Segment Open

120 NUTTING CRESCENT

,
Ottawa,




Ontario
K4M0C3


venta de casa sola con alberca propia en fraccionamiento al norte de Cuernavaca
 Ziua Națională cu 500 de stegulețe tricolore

Segment Closed

**WORK TO COMPLETE:** Copy every record exactly, with nothing added or dropped.

**ANSWER FOR THIS EXERCISE:**
120 NUTTING CRESCENT

,
Ottawa,




Ontario
K4M0C3


venta de casa sola con alberca propia en fraccionamiento al norte de Cuernavaca
 Ziua Națională cu 500 de stegulețe tricolore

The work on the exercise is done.